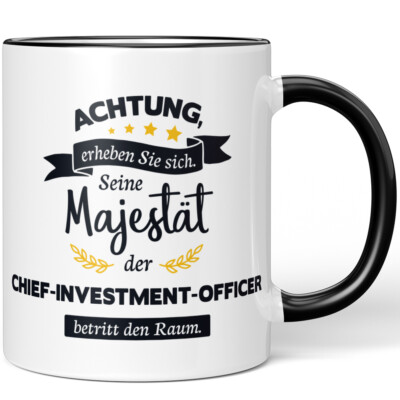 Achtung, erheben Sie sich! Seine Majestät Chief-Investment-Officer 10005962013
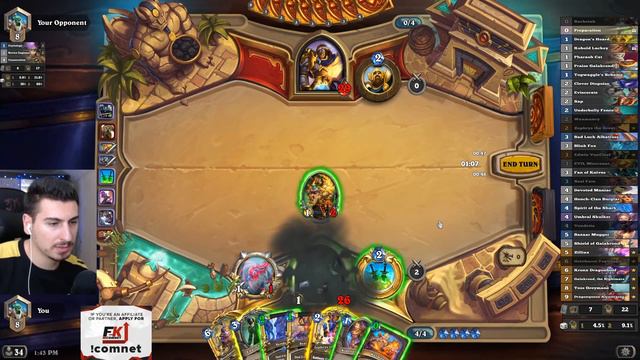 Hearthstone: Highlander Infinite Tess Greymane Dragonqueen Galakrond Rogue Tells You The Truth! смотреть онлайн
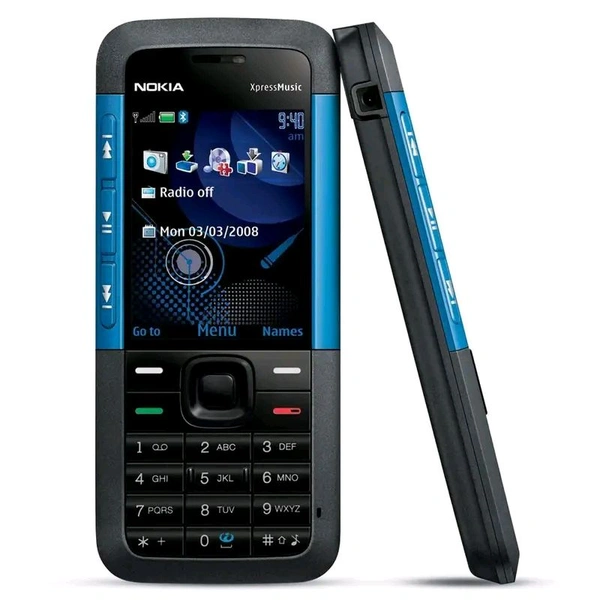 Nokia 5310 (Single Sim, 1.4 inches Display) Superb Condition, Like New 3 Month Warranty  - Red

* * *

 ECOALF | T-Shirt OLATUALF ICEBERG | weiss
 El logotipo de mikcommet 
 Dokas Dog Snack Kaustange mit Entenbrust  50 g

_EXERCISE_. Give only the lines from the one holding "El logotipo de mikcommet" through the one holding "Dokas Dog Snack", each restated exactly as it appears above.

_THE COMPLETED TASK_.
 El logotipo de mikcommet 
 Dokas Dog Snack Kaustange mit Entenbrust  50 g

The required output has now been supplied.